*Problem statement:*
Begin at the line that holds "Farmbuy.com - image 2" and retype every line through the end of the material, both included. Leave out the pictures.

*Provided data:*
= Beginning of Section =
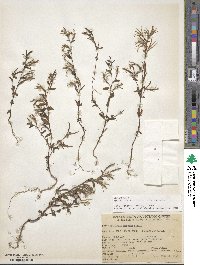 Image of Epilobium minutum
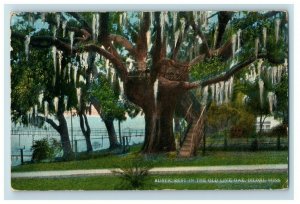 C.1910 Giant Old Live Oak Tree House Biloxi Mississippi Vintage Postcard P94 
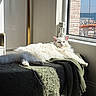 cat, white_cat, fluffy, indoor, sunlight, window, blanket, green_blanket, resting, relaxed, pet, feline, cozy, sunny, daylight, brick_wall, harbor, sea, blue_sky, home
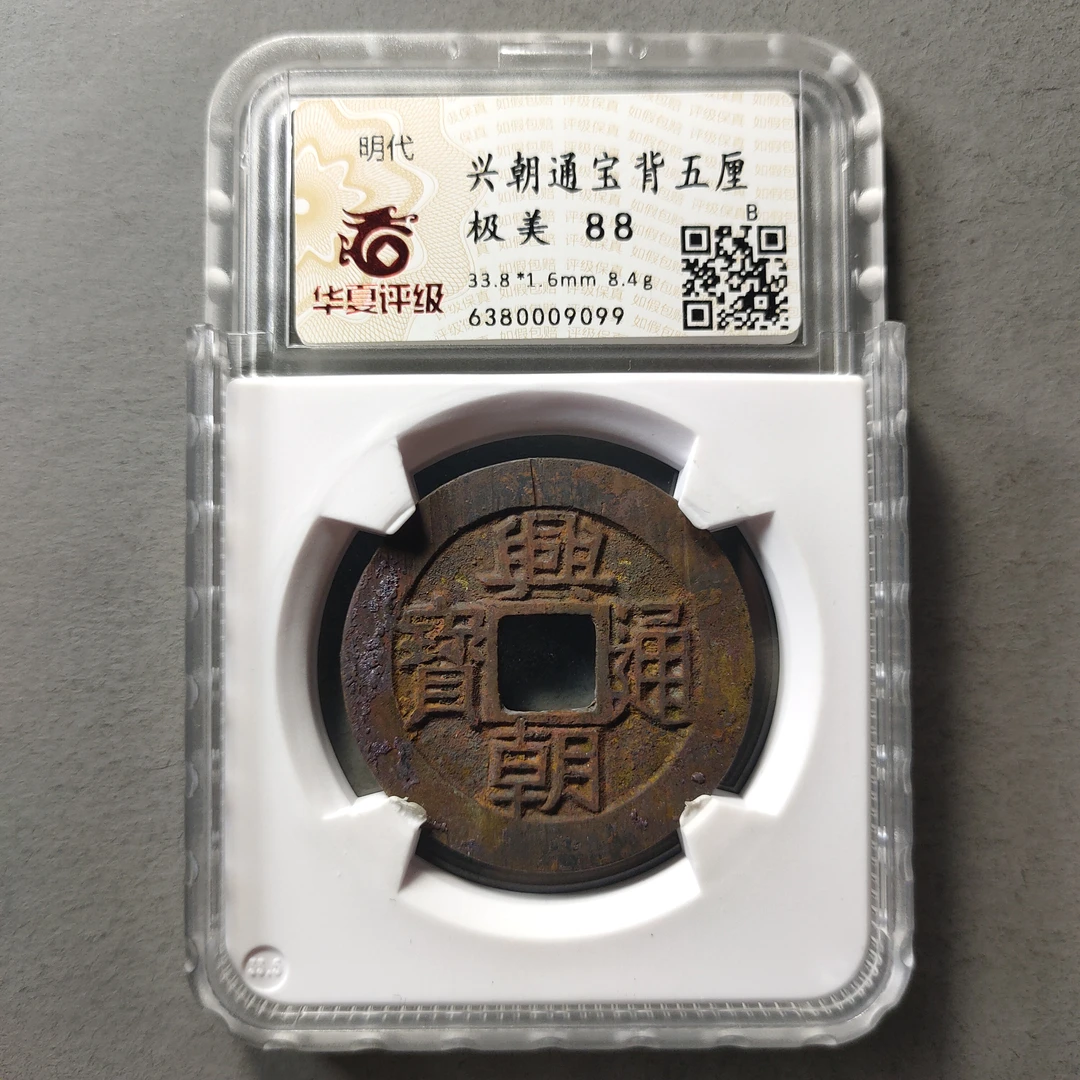 80615-24 兴朝通宝背五厘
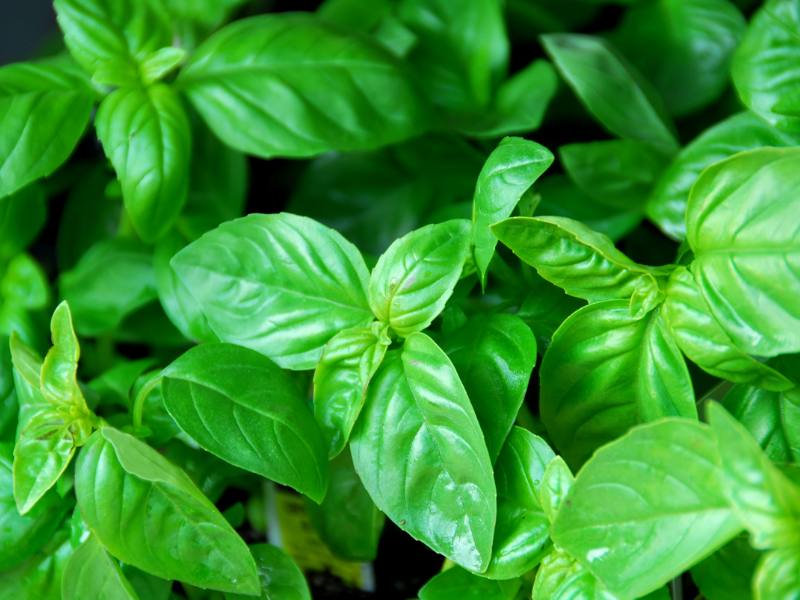 Albahaca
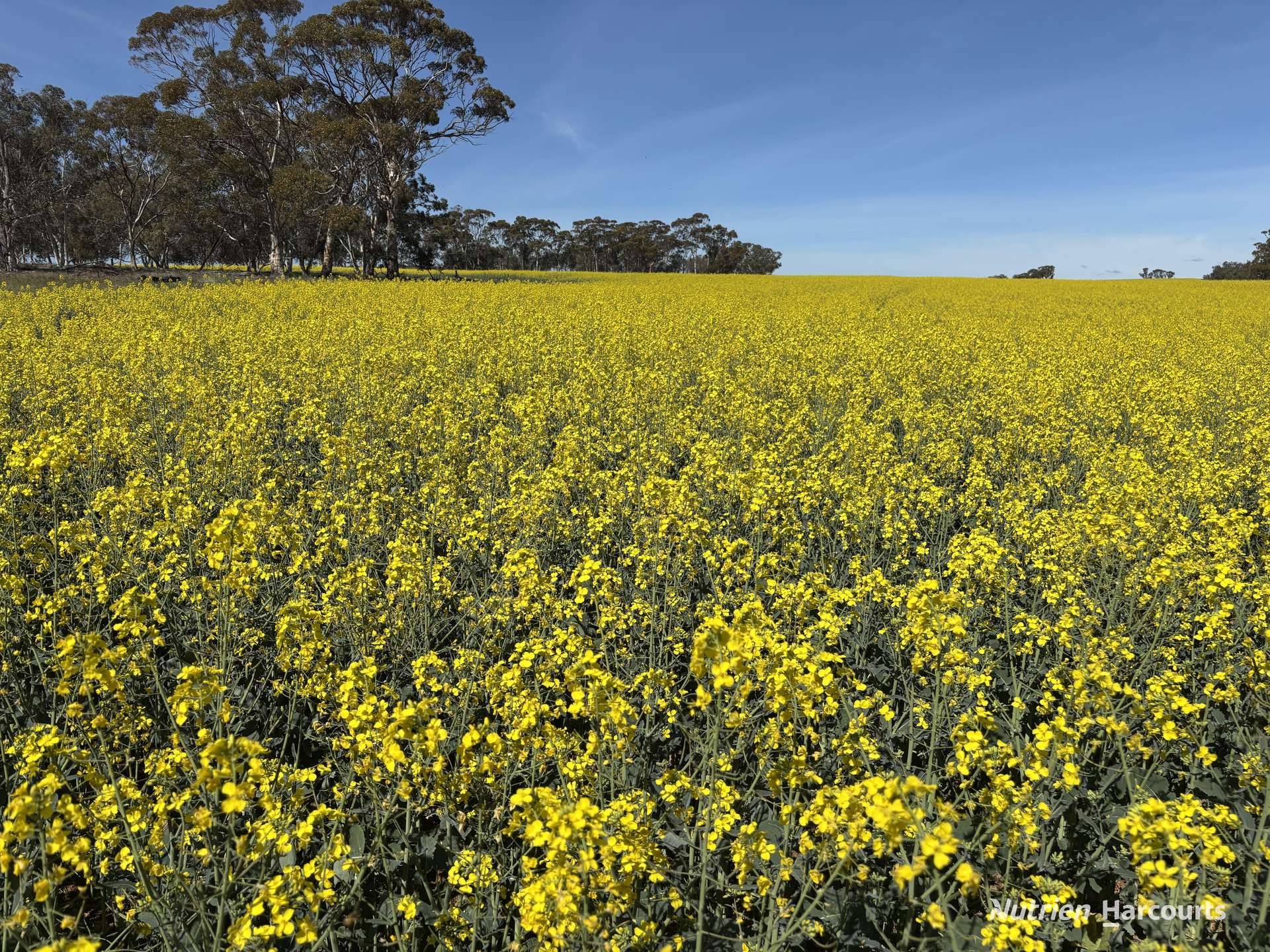 . Dudley Road, Grass Valley For Sale by Farmbuy.com - image 2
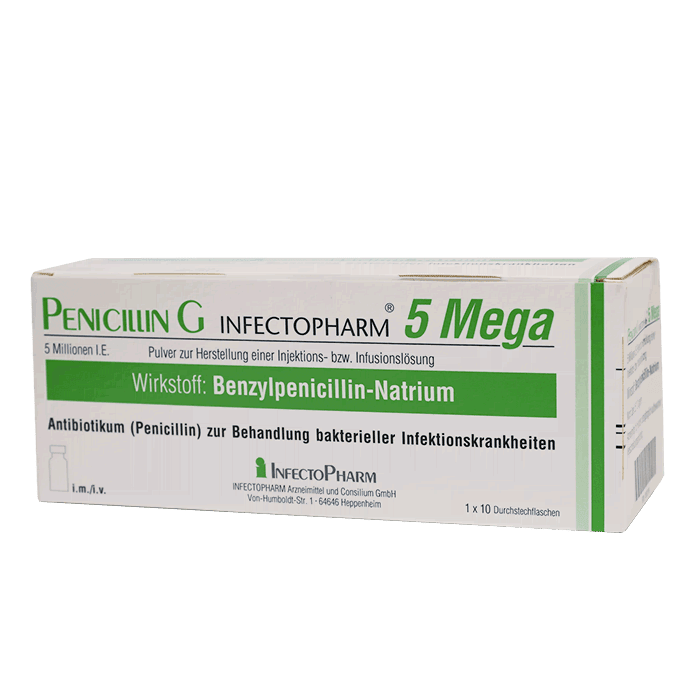 Penicillin G usages - The Puppy Care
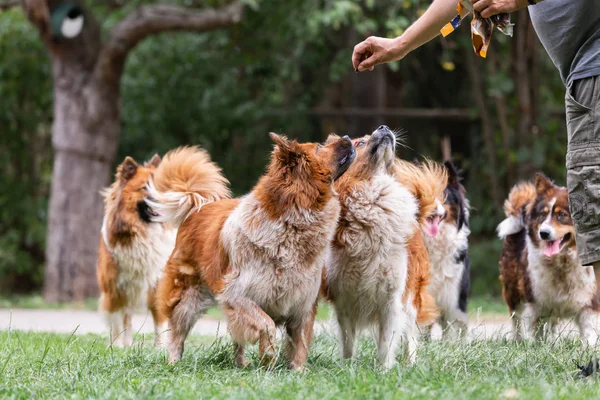 Man gives his elo dogs a treat — Stock Photo, Image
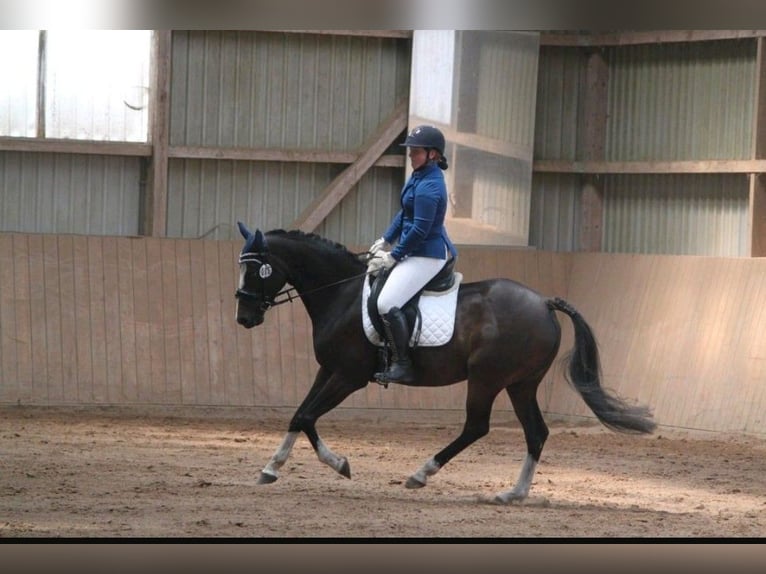 Kleines Deutsches Reitpferd Stute 13 Jahre 154 cm Dunkelbrauner in Schleswig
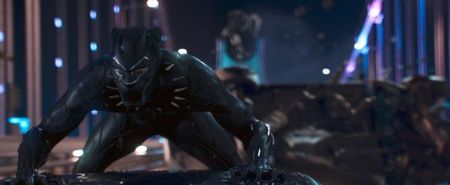 Black Panther is apparently having a huge affect on the adoption of black cats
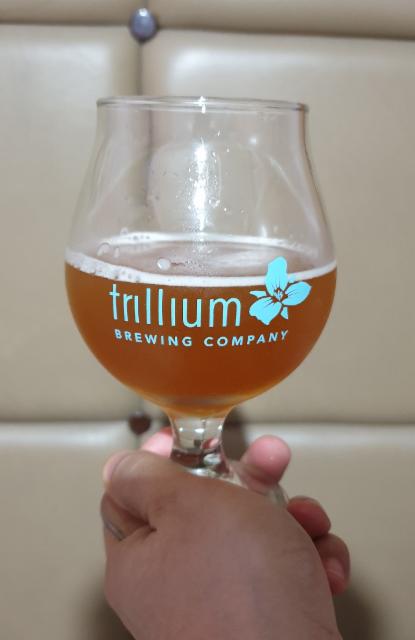 wildboyz 8.8%, Hideout Craft Brewery, Philippines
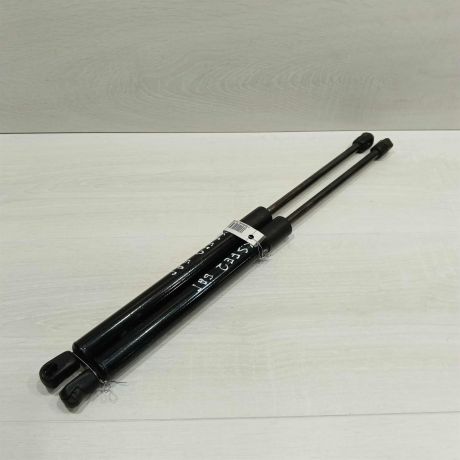 amortizator-kryski-bagaznika-upor-hyundai-santa-fe-ii-art-98549-big-0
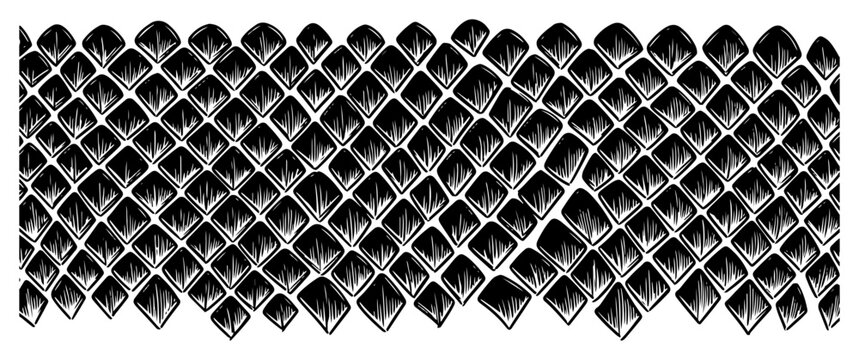 Stylized hand drawn pattern of overlapping dragon scales or fish skin texture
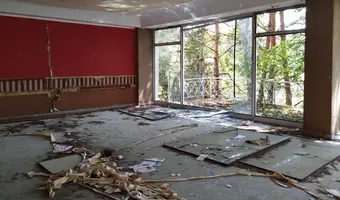 Złota sosna - zdjęcie 4/4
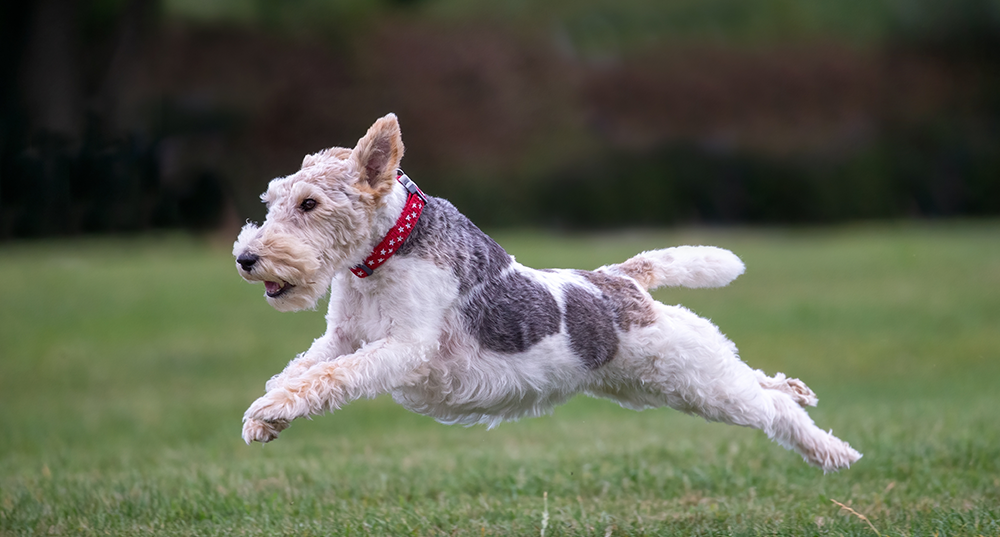 Hunderasse Foxterrier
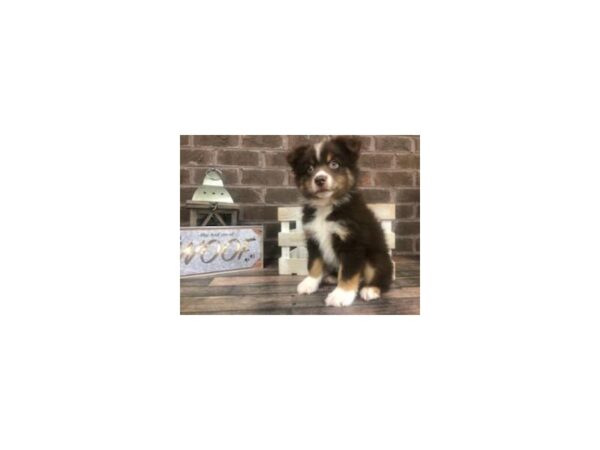 Australian Shepherd DOG Male Red / White 276 Petland Nashville, Tennessee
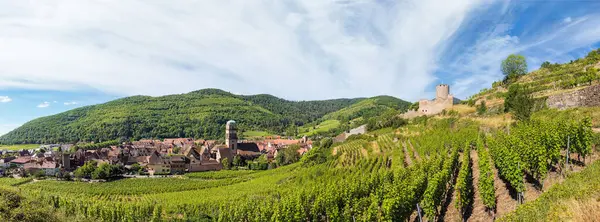 Kaysersberg Fransa 'sında üzüm bağlarının arkaplanına karşı kale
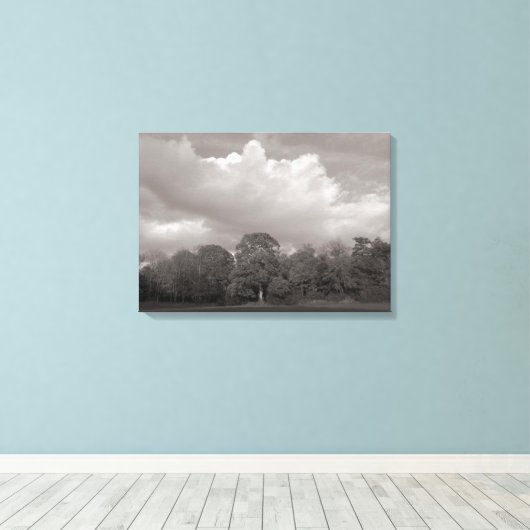 Autumn Landscape Bute Park Cardiff Canvas Afdruk (Insitu (Houten vloer))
= End of Section =
*Finished exercise:*
 . Dudley Road, Grass Valley For Sale by Farmbuy.com - image 2
 Penicillin G usages - The Puppy Care
 Man gives his elo dogs a treat — Stock Photo, Image
 Kleines Deutsches Reitpferd Stute 13 Jahre 154 cm Dunkelbrauner in Schleswig
 Black Panther is apparently having a huge affect on the adoption of black cats
 wildboyz 8.8%, Hideout Craft Brewery, Philippines
 amortizator-kryski-bagaznika-upor-hyundai-santa-fe-ii-art-98549-big-0
 Stylized hand drawn pattern of overlapping dragon scales or fish skin texture
 Złota sosna - zdjęcie 4/4
 Hunderasse Foxterrier
 Australian Shepherd DOG Male Red / White 276 Petland Nashville, Tennessee
 Kaysersberg Fransa 'sında üzüm bağlarının arkaplanına karşı kale
 Autumn Landscape Bute Park Cardiff Canvas Afdruk (Insitu (Houten vloer))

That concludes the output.